About this exercise
Leaving out all pictures, write out word for word the lines from the one containing "Üzüm Dadlı Ketçup" to the end of the data below.

Dataset excerpts
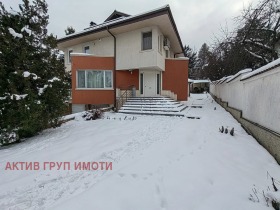 House Boyana, Sofia 1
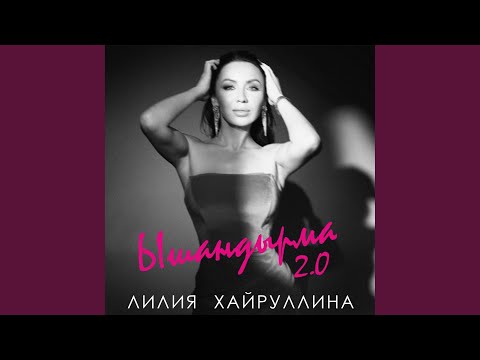 Лилия Хайруллина - Ышандырма 2.0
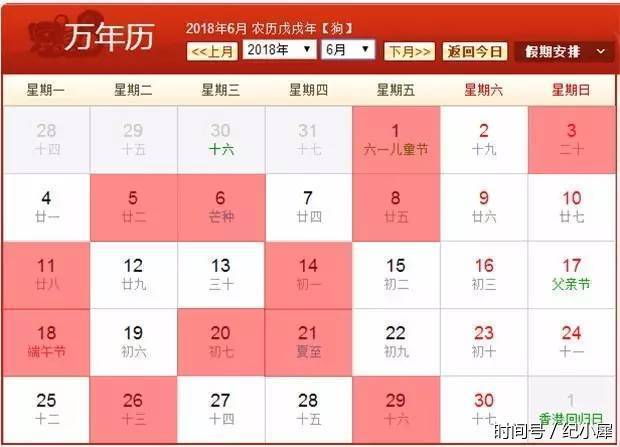 2018最好的结婚日子是这天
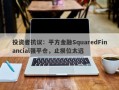 投资者抗议：平方金融SquaredFinancial强平仓，止损位太远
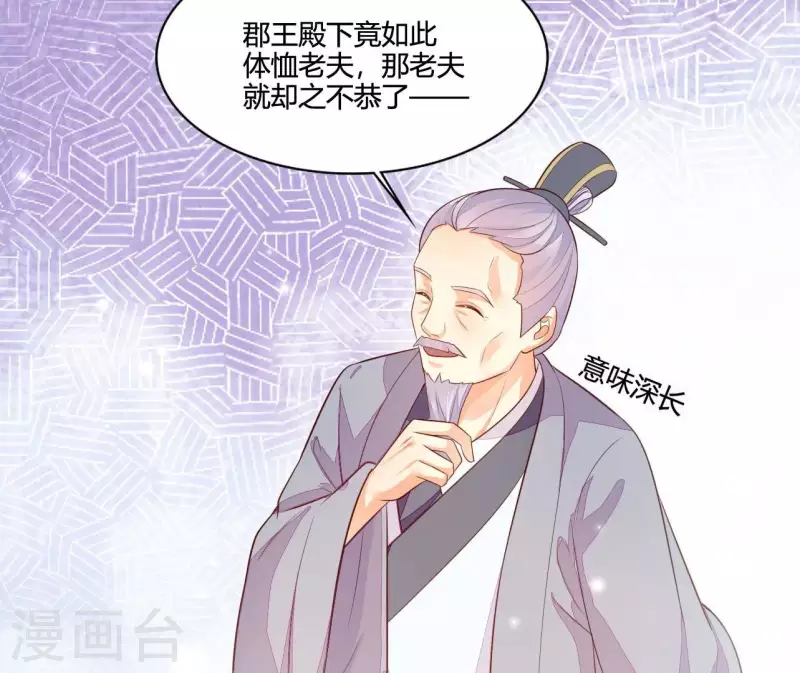 仗势撩人韩漫全集-第112话 泽郡王邀约无删减无遮挡章节图片 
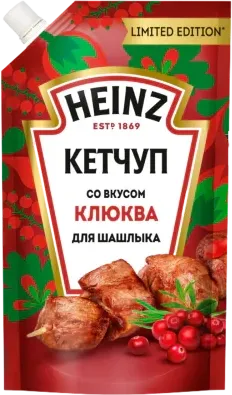 Üzüm Dadlı Ketçup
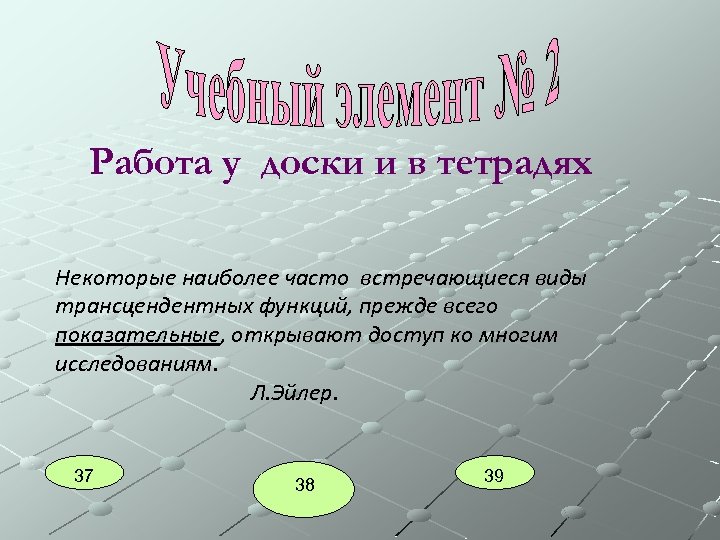 Работа у доски и в тетрадях Некоторые наиболее часто встречающиеся виды трансцендентных функций, прежде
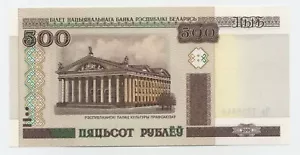 Belarus 500 Rublei 2000 Pick 27.a UNC unzirkulierte Banknote - Bild 1 von 2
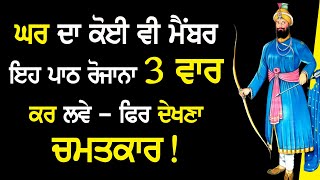 ਘਰ ਦਾ ਕੋਈ ਵੀ ਮੈਂਬਰ ਇਹ ਪਾਠ ਰੋਜਾਨਾ 3 ਵਾਰਕਰ ਲਵੇ - ਫਿਰ ਦੇਖਣਾ ਚਮਤਕਾਰ! ਪੈਸਿਆਂ ਦੀ ਬਰਸਾਤ ਹੋਣੀ ਘਰ | Katha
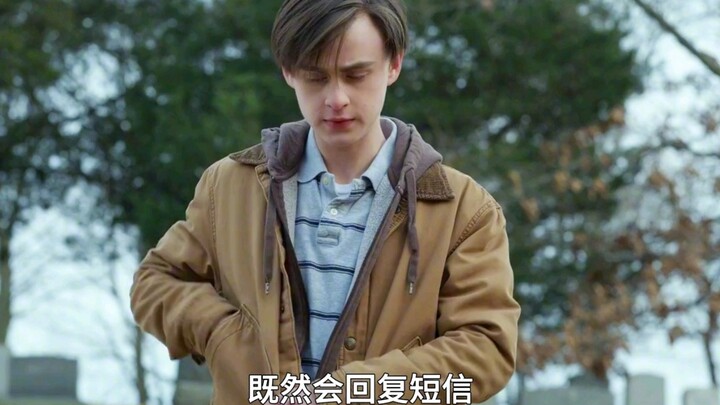 Boy places phone in grandpa's coffin, receives text message from grandpa in the middle of the night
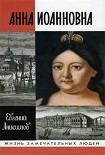 Читать книгу Анна Иоанновна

Final answer
 Üzüm Dadlı Ketçup
 Работа у доски и в тетрадях Некоторые наиболее часто встречающиеся виды трансцендентных функций, прежде
 Belarus 500 Rublei 2000 Pick 27.a UNC unzirkulierte Banknote - Bild 1 von 2
 ਘਰ ਦਾ ਕੋਈ ਵੀ ਮੈਂਬਰ ਇਹ ਪਾਠ ਰੋਜਾਨਾ 3 ਵਾਰਕਰ ਲਵੇ - ਫਿਰ ਦੇਖਣਾ ਚਮਤਕਾਰ! ਪੈਸਿਆਂ ਦੀ ਬਰਸਾਤ ਹੋਣੀ ਘਰ | Katha
 Boy places phone in grandpa's coffin, receives text message from grandpa in the middle of the night
 Читать книгу Анна Иоанновна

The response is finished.